Tüm dosya kapsamına göre, davacı her ne kadar davaya konu konutun müsadereye konu alanda kaldığını belirtiyor ise de, müsadere tutanağı ve diğer bilgilerden … blokta yan yana bulunan konutlardan 4 ve
3 nolu konutun müsadere edildiği, davacının konutunun ise en içte kaldığı ve dolayısıyla …
sahasına uzak olduğu ve ayrıca davacının konutuna nazaran … sahasına
yakın konumdaki yan komşusu olan 2 nolu konutun yaptırılarak oturulduğu yerinde
görülmekle davacının … bloktaki 1 nolu villasının, oturumu tam tespit edilemeyen 170
m2’lik … sahası içerisinde kalmadığı kanaatine varıldığı, müsadereye konu olan konutların bile hali hazırda kullanılır olduğu, davacının villasındaki imalatlarda zamanla oluşan ve tespit
edilen zararların; villanın tamamen korumasız bırakılması ve
kullanılmamasından kaynaklanması nedeniyle oluştuğu ve davalı kooperatifin bu konuda ayıplı imalatı bulunmadığı, davalı kooperatif üyelerinin 2009 yılında çekilen kuralar sonucunda
kendilerine tahsis edilen konutlarda oturmaya başladığının sabit olduğu, 17.02.2014 tarihli müsadere tutanağında ise ; “Ankara ili … ilçesi Asliye Ceza Mahkemesinin … Esasında görülen
davanın kesinleşen mahkeme kararım uygulamak üzere, Ankara … İşletme
Müdürlüğünün 07/02/2014 tarih ve 242276 sayılı yazılan ile kurulan komisyonumuzca
müsadere edilecek yapı sahiplerine de haber verilerek 07/02/2014 tarihinde müsadere
konusu yere gidilmişti.
Ancak Ankara … İşletme Şefliğınce verilmiş olan (1) bir aylık sürenin, kooperatif
yöneticileri tarafından kendisine geç tebliğ edildiğini belirten … yapının
boşaltılabilmesi için (10) on gün ek süre istemiş ve Komisyonumuzca uygun görülerek
17/02/2014 tarihine kadar ek. süre verilmişti Bu sebeple 17/02/2014 tarihinde S.S … Yapı Kooperatifi Yetkilileri ve Yapı Sahipleri
ile birlikte, müsadere edilecek yapının olduğu yere gelindi.
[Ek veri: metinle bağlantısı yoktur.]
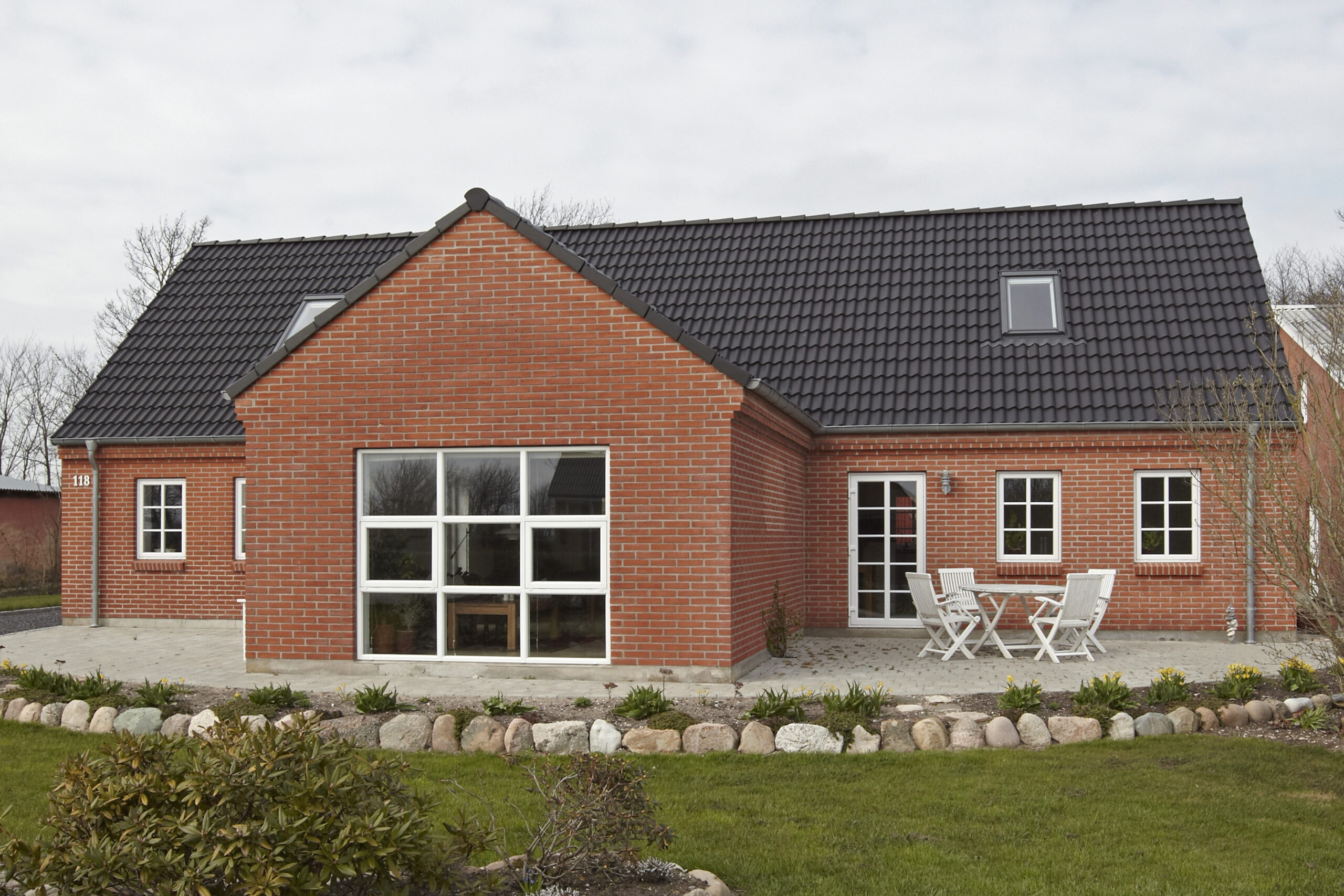 Moderne rødstenshus med sort tegltag og terrasse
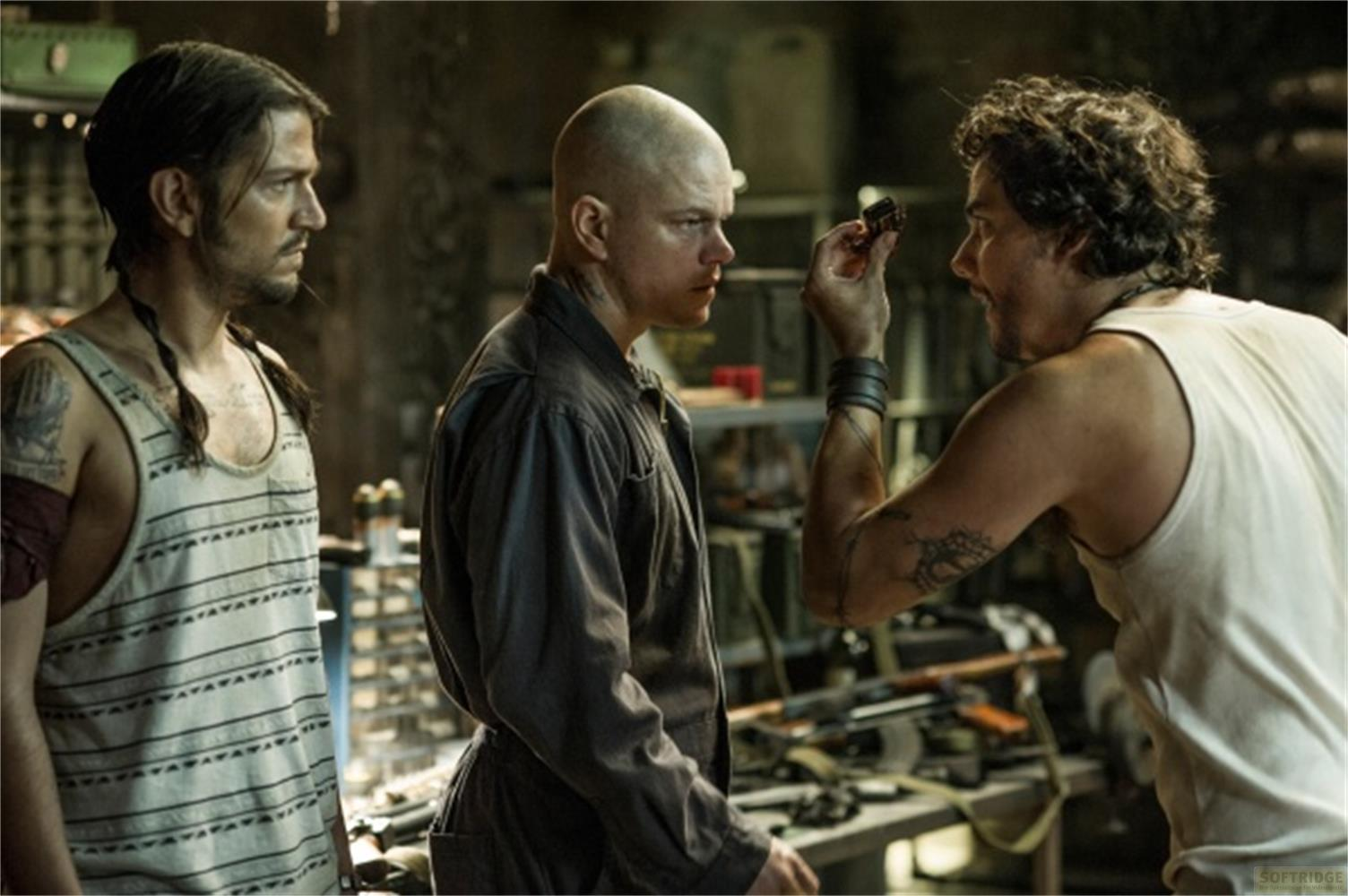 Trois hommes dans un atelier, l'un tenant un objet.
Burada yapılan incelemede her iki
yapının tamamen boş, dış kapılan ve pencerelerinin takılı olduğu görülmüş olup müsadereye
konu 170.00 m2 lik saha içerisindeki yapılar ve anahtarları teslim alınarak, kapı ve
pencereleri kilitlenip, giriş kapılan mühürlenmek suretiyle Müsadere Kararı yerine getirilmiştir.” denildiği ve bahse konu mahkumiyet ve müsadere kararından sonra; davalı kooperatif tarafından,
… alanına tecavüzlü inşa edildiği tespit edilen … bloğun bir kısmının …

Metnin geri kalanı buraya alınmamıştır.